Nova-C: Nasa gibt Landeplatz auf dem Mond bekannt

Die Nasa und Intuitive Machines geben ihren Landeplatz bekannt. 2022 soll der Lander Nova-C beim Mond-Südpol landen.

Artikel veröffentlicht am , Patrick Klapetz
Illustration des Nova-C Landers von Intuitive Machines mit einer Darstellung des Polar Resources Ice-Mining Experiment-1 (PRIME-1) der Nasa, das an dem Raumfahrzeug auf der Mondoberfläche befestigt ist.
Illustration des Nova-C Landers von Intuitive Machines mit einer Darstellung des Polar Resources Ice-Mining Experiment-1 (PRIME-1) der Nasa, das an dem Raumfahrzeug auf der Mondoberfläche befestigt ist. (Bild: Intuitive Machines)

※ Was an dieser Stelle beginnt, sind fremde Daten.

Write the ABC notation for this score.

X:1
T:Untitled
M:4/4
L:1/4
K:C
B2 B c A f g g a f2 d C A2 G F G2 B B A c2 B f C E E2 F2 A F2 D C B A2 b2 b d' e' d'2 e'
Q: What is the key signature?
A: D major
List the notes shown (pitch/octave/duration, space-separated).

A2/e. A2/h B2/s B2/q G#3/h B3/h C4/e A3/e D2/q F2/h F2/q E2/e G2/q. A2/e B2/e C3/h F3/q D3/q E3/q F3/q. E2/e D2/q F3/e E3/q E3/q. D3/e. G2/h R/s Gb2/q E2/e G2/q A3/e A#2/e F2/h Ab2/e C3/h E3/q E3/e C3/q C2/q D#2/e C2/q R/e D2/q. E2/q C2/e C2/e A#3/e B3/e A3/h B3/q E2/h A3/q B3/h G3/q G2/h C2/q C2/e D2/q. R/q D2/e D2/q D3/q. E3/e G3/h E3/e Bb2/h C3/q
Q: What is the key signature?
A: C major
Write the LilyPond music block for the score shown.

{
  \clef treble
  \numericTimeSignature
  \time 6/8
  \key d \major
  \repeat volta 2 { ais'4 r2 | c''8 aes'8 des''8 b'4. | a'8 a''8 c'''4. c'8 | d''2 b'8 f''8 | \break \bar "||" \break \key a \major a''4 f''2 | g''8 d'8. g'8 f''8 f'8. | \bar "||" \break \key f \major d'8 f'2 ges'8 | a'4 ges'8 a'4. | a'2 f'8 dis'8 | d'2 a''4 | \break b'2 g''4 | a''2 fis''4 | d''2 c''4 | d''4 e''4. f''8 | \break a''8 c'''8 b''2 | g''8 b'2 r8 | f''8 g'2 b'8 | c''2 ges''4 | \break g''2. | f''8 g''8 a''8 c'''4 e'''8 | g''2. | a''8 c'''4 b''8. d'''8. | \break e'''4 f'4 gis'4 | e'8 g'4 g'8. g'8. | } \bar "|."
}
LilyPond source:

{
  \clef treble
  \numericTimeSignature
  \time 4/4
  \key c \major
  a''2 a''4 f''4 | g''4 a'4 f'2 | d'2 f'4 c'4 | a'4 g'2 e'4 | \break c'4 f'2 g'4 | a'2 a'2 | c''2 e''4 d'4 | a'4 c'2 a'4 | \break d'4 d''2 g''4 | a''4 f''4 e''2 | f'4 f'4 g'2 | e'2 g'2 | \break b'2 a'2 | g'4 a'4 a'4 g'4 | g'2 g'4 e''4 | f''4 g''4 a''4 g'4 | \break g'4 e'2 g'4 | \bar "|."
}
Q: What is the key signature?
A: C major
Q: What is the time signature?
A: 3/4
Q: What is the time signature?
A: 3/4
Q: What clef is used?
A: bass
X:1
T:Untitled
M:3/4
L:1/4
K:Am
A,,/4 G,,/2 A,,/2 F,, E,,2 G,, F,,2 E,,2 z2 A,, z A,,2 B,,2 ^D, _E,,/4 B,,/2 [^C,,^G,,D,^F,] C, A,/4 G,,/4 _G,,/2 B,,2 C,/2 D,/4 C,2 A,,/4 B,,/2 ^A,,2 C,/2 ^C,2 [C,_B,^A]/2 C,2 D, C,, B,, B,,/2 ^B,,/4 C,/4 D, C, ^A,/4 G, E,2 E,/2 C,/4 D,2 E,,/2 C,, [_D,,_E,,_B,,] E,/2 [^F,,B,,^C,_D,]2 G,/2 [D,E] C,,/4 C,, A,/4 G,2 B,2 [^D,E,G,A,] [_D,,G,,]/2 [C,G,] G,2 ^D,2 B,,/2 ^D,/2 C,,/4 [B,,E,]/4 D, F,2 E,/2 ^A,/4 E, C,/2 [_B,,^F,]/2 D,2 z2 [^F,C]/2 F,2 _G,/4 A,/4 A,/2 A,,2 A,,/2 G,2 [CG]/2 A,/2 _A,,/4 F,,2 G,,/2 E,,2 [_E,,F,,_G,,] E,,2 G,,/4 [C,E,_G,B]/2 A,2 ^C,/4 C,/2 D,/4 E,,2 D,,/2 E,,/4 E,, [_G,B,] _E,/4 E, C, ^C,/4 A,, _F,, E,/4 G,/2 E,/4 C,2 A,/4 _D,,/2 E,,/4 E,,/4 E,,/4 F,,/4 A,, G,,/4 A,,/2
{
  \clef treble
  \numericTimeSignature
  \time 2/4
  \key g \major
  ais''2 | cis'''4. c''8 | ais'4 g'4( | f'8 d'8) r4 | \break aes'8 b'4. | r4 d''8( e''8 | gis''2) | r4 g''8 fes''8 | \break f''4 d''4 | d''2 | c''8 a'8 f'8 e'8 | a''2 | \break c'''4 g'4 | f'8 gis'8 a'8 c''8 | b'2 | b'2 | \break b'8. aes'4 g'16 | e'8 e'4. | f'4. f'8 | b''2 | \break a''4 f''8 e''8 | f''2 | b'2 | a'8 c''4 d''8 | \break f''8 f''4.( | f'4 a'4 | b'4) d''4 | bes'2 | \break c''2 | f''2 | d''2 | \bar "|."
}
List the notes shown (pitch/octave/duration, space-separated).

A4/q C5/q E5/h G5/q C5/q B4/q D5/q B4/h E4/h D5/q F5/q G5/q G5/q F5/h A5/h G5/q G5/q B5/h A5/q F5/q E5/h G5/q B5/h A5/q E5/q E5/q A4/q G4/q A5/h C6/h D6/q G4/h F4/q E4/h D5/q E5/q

Ende 2022 wollen das private Raumfahrtunternehmen Intuitive Machines und die amerikanische Raumfahrtbehörde Nasa auf der Mondoberfläche landen. Am 3. November gaben sie als genauen Landeort für die Landefähre Nova-C einen Bergrücken unweit des Shackleton-Kraters am Südpol des Mondes bekannt.

Diesen Ort haben Ingenieure und Wissenschaftler der Raumfahrtbehörde seit Monaten auf Eisvorkommen unter seiner Oberfläche überprüft. Mit dem Polar Resources Ice-Mining Experiment-1 (engl. Experiment 1 für Polarressourcen-Eisabbau), kurz Prime-1, wolle man nämlich unter anderem Eis auf dem Trabanten abbauen.

Der perfekte Landeort?

"Es war eine Herausforderung, einen Landeplatz zu finden, an dem wir Eis in einem Abstand von weniger als einem Meter zur Oberfläche entdecken konnten", so Jackie Quinn, die Projektmanagerin für Prime-1 am Kennedy Space Center der Nasa.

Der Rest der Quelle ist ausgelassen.